> **Prompt**: Whenever a line in the data contains "Sacred", show that line.

> **The data**:

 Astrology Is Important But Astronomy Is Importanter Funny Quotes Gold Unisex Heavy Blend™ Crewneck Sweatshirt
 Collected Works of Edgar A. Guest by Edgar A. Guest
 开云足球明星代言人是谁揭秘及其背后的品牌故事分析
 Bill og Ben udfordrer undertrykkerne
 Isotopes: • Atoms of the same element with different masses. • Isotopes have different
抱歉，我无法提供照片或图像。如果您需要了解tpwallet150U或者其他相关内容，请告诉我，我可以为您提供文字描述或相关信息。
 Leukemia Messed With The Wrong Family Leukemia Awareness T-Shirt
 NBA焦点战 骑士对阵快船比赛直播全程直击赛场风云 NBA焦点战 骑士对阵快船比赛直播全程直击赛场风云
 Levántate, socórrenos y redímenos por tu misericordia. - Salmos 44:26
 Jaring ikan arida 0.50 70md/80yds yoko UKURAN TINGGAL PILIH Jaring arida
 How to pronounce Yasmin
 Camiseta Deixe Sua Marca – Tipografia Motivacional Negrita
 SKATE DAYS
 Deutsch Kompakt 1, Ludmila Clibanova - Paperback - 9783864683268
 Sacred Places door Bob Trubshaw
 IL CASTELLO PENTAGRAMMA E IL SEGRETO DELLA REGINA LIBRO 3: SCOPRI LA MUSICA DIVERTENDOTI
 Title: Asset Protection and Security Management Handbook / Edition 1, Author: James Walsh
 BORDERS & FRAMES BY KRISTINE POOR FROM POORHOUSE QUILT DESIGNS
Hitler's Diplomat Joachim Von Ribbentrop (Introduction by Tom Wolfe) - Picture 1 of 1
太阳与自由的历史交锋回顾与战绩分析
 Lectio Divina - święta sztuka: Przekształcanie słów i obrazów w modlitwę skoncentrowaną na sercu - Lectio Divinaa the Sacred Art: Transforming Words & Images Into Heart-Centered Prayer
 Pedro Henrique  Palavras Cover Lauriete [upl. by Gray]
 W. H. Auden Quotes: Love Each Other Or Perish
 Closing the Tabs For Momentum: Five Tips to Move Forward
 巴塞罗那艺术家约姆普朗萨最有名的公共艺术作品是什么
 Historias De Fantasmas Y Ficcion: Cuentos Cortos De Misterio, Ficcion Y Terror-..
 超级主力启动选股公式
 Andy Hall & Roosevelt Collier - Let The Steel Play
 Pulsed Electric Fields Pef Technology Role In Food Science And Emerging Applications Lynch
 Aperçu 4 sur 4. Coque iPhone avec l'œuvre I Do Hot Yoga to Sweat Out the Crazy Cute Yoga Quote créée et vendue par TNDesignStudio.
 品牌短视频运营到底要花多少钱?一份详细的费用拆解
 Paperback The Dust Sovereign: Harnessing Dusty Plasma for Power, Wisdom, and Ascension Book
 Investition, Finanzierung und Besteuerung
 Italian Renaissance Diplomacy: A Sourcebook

> **Answer section**:
 Sacred Places door Bob Trubshaw
 Lectio Divina - święta sztuka: Przekształcanie słów i obrazów w modlitwę skoncentrowaną na sercu - Lectio Divinaa the Sacred Art: Transforming Words & Images Into Heart-Centered Prayer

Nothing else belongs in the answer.